Question

Let \[x \cdot y \cdot z = 105\] where \[x,y,z \in N\]. Then number of ordered triplets \[(x,y,z)\] satisfying the given equation is
A) \[15\]
B) \[27\]
C) \[6\]
D) \[33\]

Answer 1

Hint: Here we are given to find the number of possible ordered triplets that can be formed such that product of those three values is equal to \[105\]. To do this we will use the method of prime numbers, where we write prime numbers with their powers, needed for the factorization of \[105\]. After finding the factors we find the possible triplets.
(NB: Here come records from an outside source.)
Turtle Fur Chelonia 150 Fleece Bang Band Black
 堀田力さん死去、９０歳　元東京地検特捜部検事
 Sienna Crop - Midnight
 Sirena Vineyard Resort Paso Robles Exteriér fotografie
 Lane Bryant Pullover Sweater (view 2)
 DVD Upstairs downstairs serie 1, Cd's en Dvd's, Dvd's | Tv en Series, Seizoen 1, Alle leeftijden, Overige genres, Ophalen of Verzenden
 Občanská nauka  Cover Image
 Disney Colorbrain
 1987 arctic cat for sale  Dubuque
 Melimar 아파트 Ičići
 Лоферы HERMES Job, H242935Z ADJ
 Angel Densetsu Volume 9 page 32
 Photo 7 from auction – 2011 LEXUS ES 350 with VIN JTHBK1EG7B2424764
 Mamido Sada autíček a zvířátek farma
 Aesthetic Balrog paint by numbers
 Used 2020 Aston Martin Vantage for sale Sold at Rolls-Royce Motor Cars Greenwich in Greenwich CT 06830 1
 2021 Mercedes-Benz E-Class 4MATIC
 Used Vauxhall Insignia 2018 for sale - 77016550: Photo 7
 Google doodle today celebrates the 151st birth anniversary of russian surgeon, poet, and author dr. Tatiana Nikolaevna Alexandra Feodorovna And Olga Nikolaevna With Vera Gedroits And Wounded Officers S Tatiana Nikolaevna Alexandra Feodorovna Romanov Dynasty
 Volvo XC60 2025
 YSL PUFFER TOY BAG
Then we use those prime numbers to find other factors also and find the total possible triplets.
Formula used: Total numbers of possible ways to organize three things \[a,b,b\] where two things are common is given by \[\dfrac{{3!}}{{2!}}\].
Total numbers of possible ways to organize three things \[a,b,c\] are \[3!\].

Complete step-by-step solution:
Here we have to factorize \[105\] using prime numbers. We can see that we can write \[105\] as,
\[105 = {3^1}{5^1}{7^1}\]
Hence we get the factors as \[3,5,7\]. Now we have to find the possible triplets that can be formed by these numbers. We see that,
\[3\] can be written at any place be it \[x,y\,or\,z\]. Same way numbers \[5and7\] can also be written.
Hence, total possible triplets \[ = 3!\].
Same,
For \[105 = 35 \times 3 \times 1\], we get possible triplets as \[3! = 6\]
For \[105 = 21 \times 5 \times 1\], we get possible triplets as \[3! = 6\]
For \[105 = 7 \times 15 \times 1\], we get possible triplets as \[3! = 6\]
For \[105 = 105 \times 1 \times 1\], as two factors are same, we get possible triplets as \[\dfrac{{3!}}{{2!}} = 3\]
Hence we get possible triplets as, \[6 + 6 + 6 + 6 + 3 = 27\]
So answer is B).

Note: Whenever we have to find the number of factors of any big number, we should always try to find them through the prime number method and then find other factors after multiplying them with one another as we have done here.